Task inputs =
%%
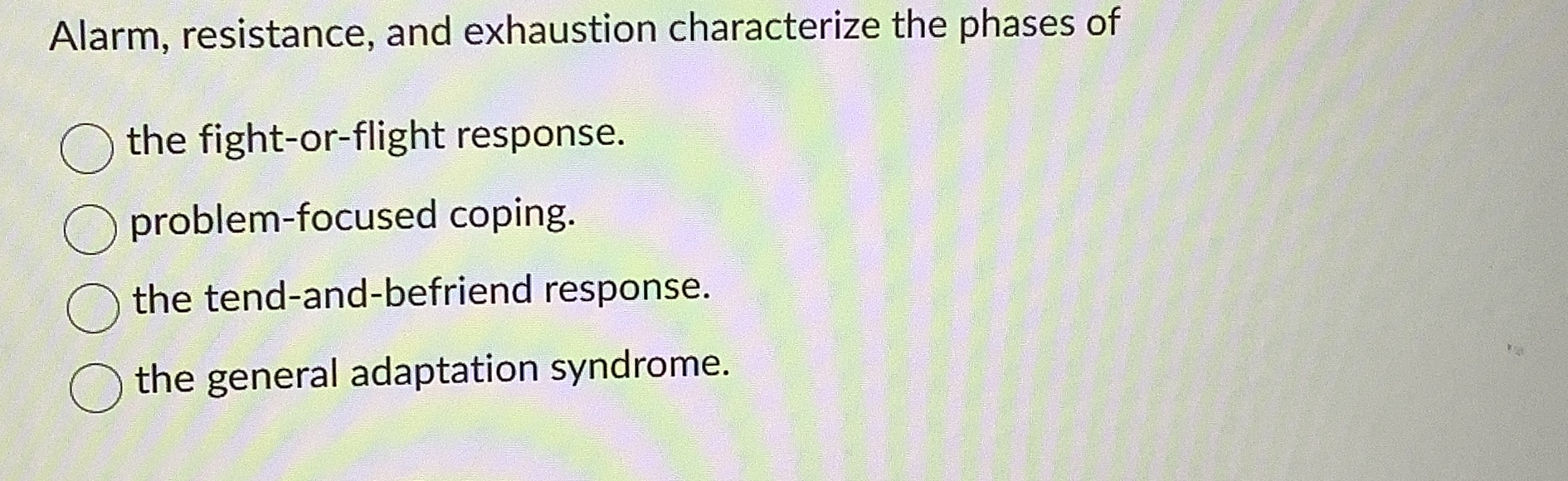 Solved Alarm, resistance, and exhaustion characterize the
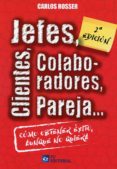 JEFES, CLIENTES, COLABORADORES, PAREJA, CMO OBTENER XITO AUNQUE NO QUIERA di ROSSER, CARLOS 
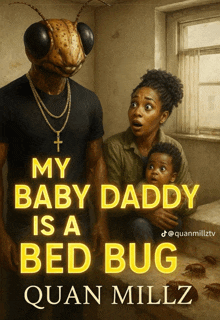 a book by quan millz titled my baby daddy is a bed bug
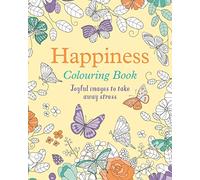 Happiness Colouring Book: Joyful Images to Take Away Stress (Arcturus Creative Colouring)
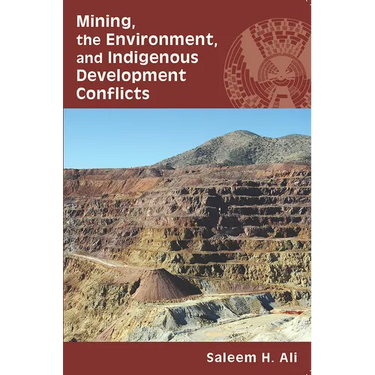 Mining, the Environment, and Indigenous Development Conflicts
%%
Exercise goal = The job here is to write out the records exactly, pictures excluded.

Written response =
 Solved Alarm, resistance, and exhaustion characterize the
 JEFES, CLIENTES, COLABORADORES, PAREJA, CMO OBTENER XITO AUNQUE NO QUIERA di ROSSER, CARLOS 
 a book by quan millz titled my baby daddy is a bed bug
 Happiness Colouring Book: Joyful Images to Take Away Stress (Arcturus Creative Colouring)
 Mining, the Environment, and Indigenous Development Conflicts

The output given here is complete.